FIRST AMENDMENT TO SUBLEASE
Exhibit
10.15
FIRST AMENDMENT TO
SUBLEASE
This
FIRST AMENDMENT TO LEASE (“Amendment”) is made and entered into effective as of
May 25, 2010 (“Effective Date”), by and between SAPIENT CORPORATION, a Delaware
corporation (“Sublandlord”), and CORNERSTONE ONDEMAND, INC, a Delaware
corporation (“Subtenant”).
Recitals
A.
Sublandlord and Subtenant entered into that certain Sublease dated January 31,
2006, approved by Water Garden Realty Holding LLC, a California limited
liability company (“Master Landlord”) by that certain Consent to Sublease dated
February 14, 2006 (collectively, the “Sublease”) for sublease premises
consisting of approximately eleven thousand seven hundred sixty-six (11,766)

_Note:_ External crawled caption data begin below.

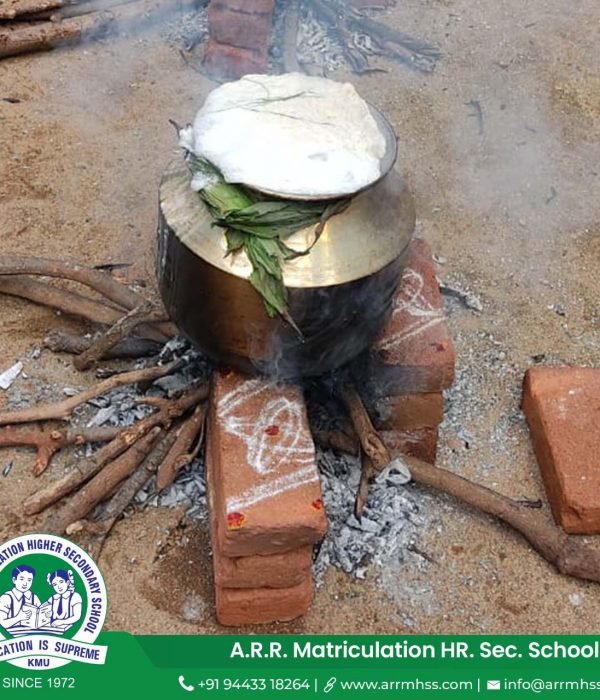 pongal-7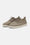 Chaussures Tulip Homme à Lacets - Falcon Pearled Ivory
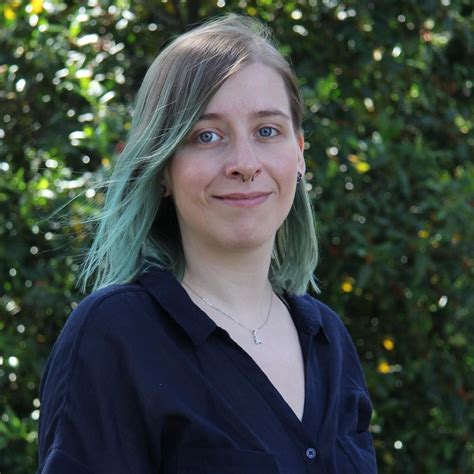 Anna Linder Japanologie Universität Wien Xing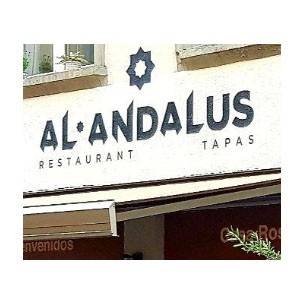 alandalus copia.jpg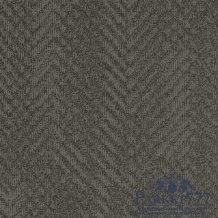 Ковровая плитка Balsan Flow 790 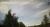 Bild#389(webcam_00588.jpg)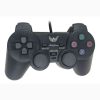 Controle PS2 para consle playstation II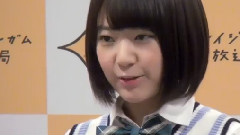 HKT48,AKB48 - クレイジーガム放送局 グランドチャンピオン決定戦 あれ?空だ?篇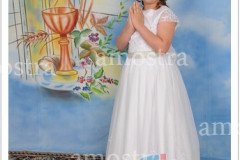 14049-SCruz-11-12-2021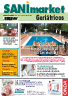 Número 16 | Marzo 2010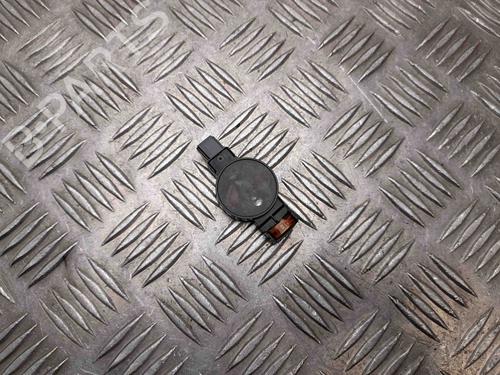 Elektronisk sensor BMW 5 (G30, F90) 520 d (190 hp) 28911692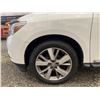 Image 31 : PARKSVILLE - 2014 NISSAN PATHFINDER WHITE 200264 KMS - D668468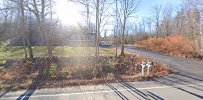 Maple Ridge Sealcoating gallery photo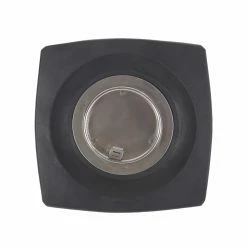 Hot Sale π Best Selling Home Decor Arianna Outdoor 40,000 BTU Lightweight Concrete Square Fire Pit β 17 Hot Sale π Best Selling Home Decor Arianna Outdoor 40,000 BTU Lightweight Concrete Square Fire Pit β -Fire Pits & Tables Online Shop detail5BSHD4577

rentable square feet of the Master Premises located on the sixth floor of the
Building and shown in Exhibit B to the Sublease (the “Initial Premises”), with a
term expiring November 30, 2011.
B. The
parties now seek, subject to Master Landlord consent, to expand the Sublease
Premises to include approximately thirteen thousand two hundred twenty-two
(13,222) rentable square feet of the Master Premises on the sixth (6th)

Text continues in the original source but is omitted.